» To do:
Exact copies of all the lines below are wanted, without a single picture.

BEGIN Supplied information

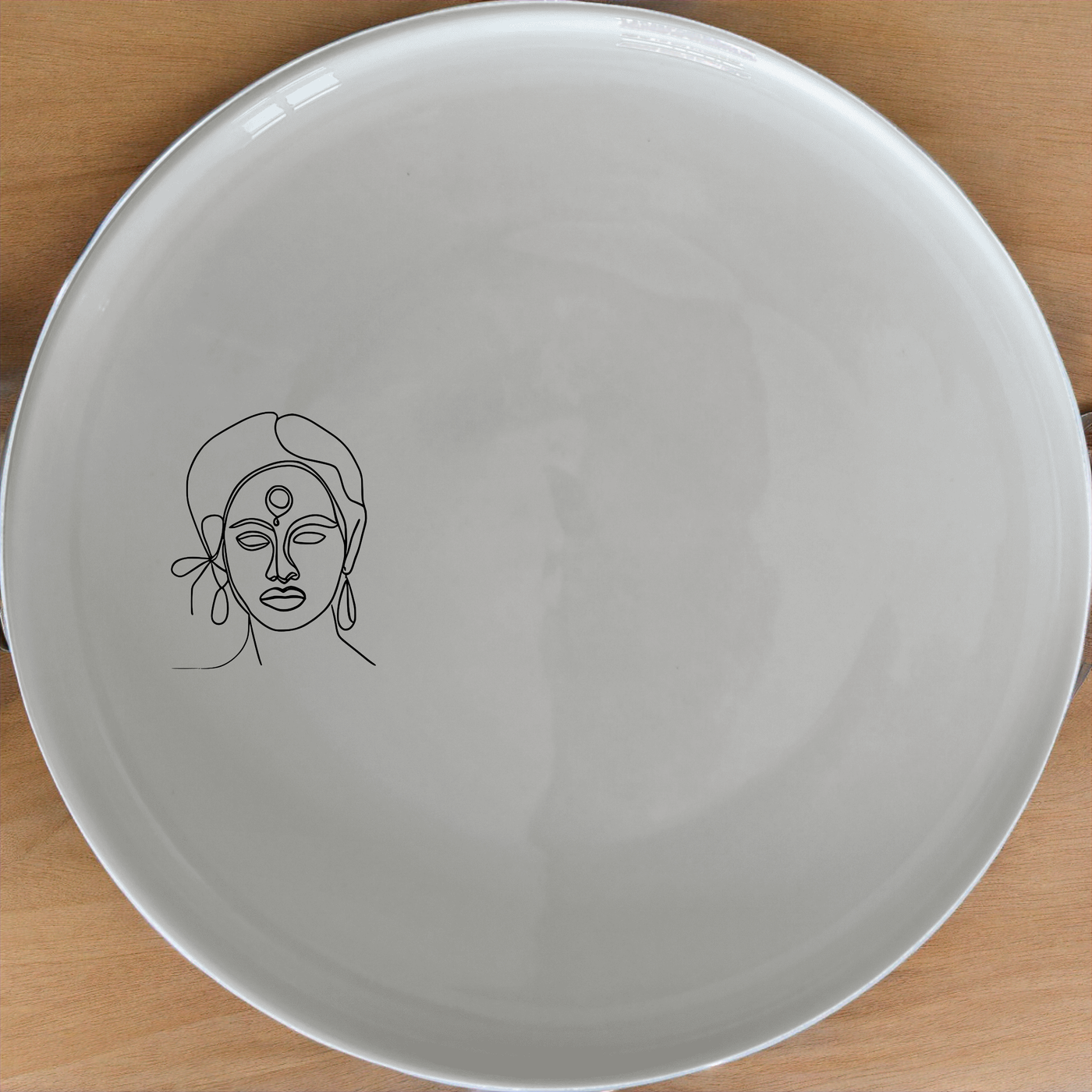 The Face Maasi Young Woman Dinner Plate Set of 4 brings cultural elegance to your dining table with its unique design.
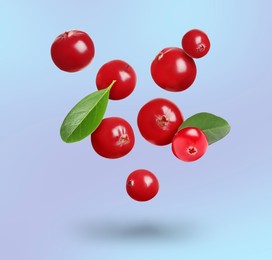 Image of Delicious ripe cranberries and fresh leaves falling on pale light blue background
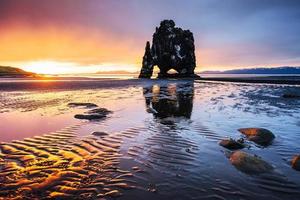 est un rocher spectaculaire dans la mer sur la côte nord de l'Islande. les légendes disent que c'est un troll pétrifié. sur cette photo hvitserkur se reflète dans l'eau de mer après le coucher du soleil de minuit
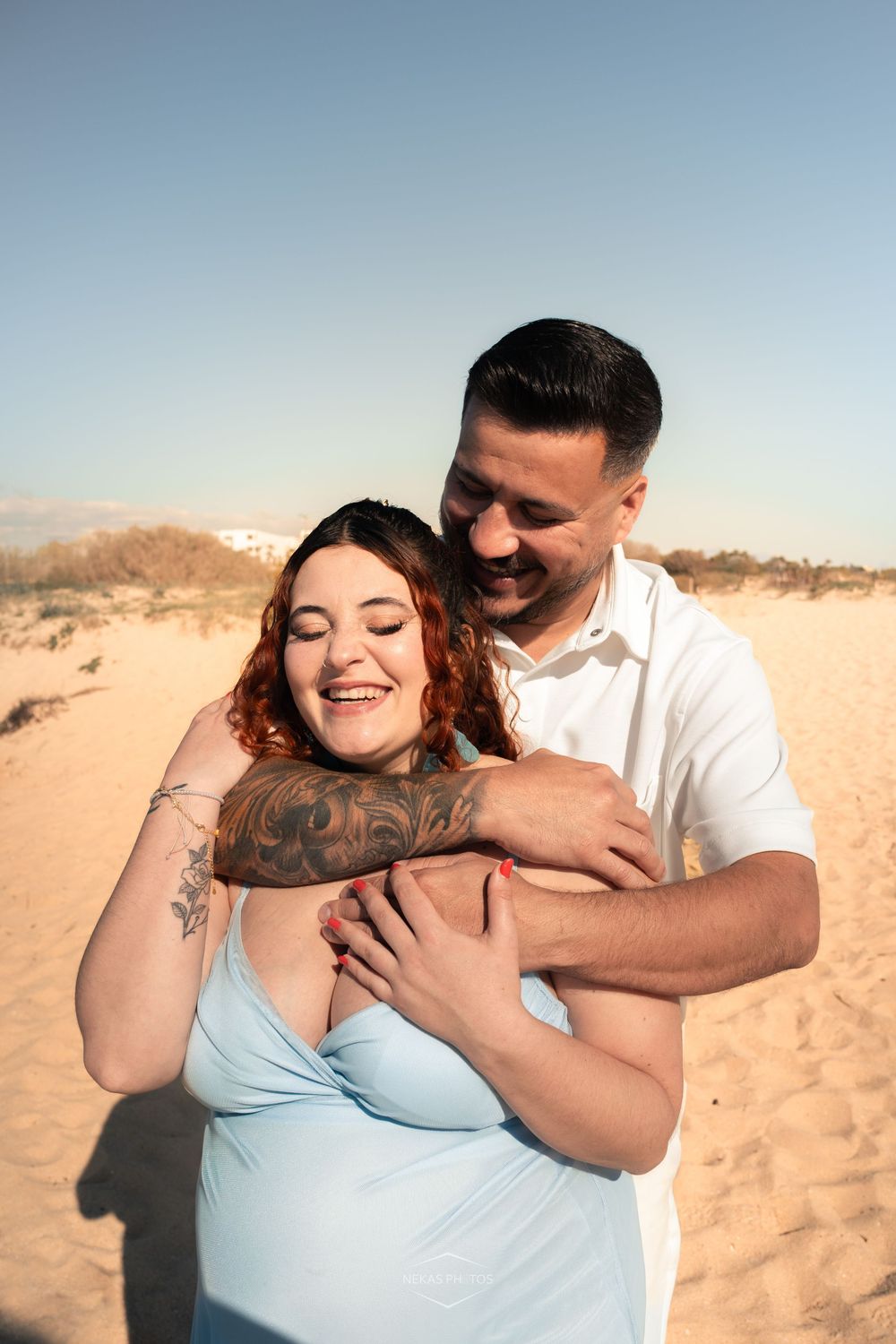 A smiling couple embraces on a sandy beach, woman with tattoos in blue dress, man in white polo at golden hour.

END Supplied information

» Your solution:
 The Face Maasi Young Woman Dinner Plate Set of 4 brings cultural elegance to your dining table with its unique design.
 Image of Delicious ripe cranberries and fresh leaves falling on pale light blue background
 est un rocher spectaculaire dans la mer sur la côte nord de l'Islande. les légendes disent que c'est un troll pétrifié. sur cette photo hvitserkur se reflète dans l'eau de mer après le coucher du soleil de minuit
 A smiling couple embraces on a sandy beach, woman with tattoos in blue dress, man in white polo at golden hour.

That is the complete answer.